January 27, 2011

a review of DRAINING THE SEA

Micheline Aharonian Marcom. Draining the Sea. Riverhead Books, 2008. 339 pp. Cloth: $26.95.

In her third novel, Draining the Sea, Marcom constructs a bizarre relationship between an American man, the progeny of genocide survivors, and Marta, a young Guatemalan woman whose terrible fate is somehow connected to the narrator’s nightmarish existence. Racked by memories of the Guatemalan civil war, and the violent death of Marta, the unnamed man spends his nights driving the freeways of Los Angeles and “essaying himself from ether.” The narrator, who seems to be involved in her treacherous death, is at the same time claiming to be her faithful lover. In an unconscious attempt to redeem himself, he methodically collects dead animal corpses from the roadside and buries them in his garden.
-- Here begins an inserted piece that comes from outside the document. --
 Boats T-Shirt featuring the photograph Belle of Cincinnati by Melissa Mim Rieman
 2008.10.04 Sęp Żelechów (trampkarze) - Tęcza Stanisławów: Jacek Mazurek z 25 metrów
With Draining the Sea, Marcom continues her quest to trace the effects of genocide over the course of three generations, but unlike her previous novels, this book is set in the Americas and follows one of the darkest episodes of modern history. In her distinctive voice that brilliantly represents the bleak and hallucinatory world of her characters, the story unfolds through the “unhistories” of humanity, reaching us as though from an underworld of torture. The memories that are slowly deteriorating the narrator’s sanity and driving him to madness include images of lynched Ixil peasants, torture cells in Guatemala City, and a “bone-boy”—a bone collector in the Syrian desert. Stylistically Marcom’s prose reenacts trauma through non-linearity, compulsive repetition and negation: “This is an essay against Progress (it is not a progressive story), this essay does not do it, but like the maze of days of thoughts of memories and notmemories, like the phrases which tumbled willy-nilly from a mother’s mouth, or an invocation, a song;—repeat themselves endlessly, without form or with it?” Language is deliberately broken down, it often doesn’t make any sense. Words that become inadequate are reformulated in new negative forms: “These the books we unwrite unread: unthought books, a prewritten kind of text: the interstitial books: the sort of narrative that makes loops in the mind, like ribbons and flood rivers that leave only a trace of the before.” The essaying of such sordid things is difficult, yet Marcom’s book is articulate and relentless in its search for optimism and beauty. [Shushan Avagyan]

—from the Review of Contemporary Fiction 28.2 (Summer 2008).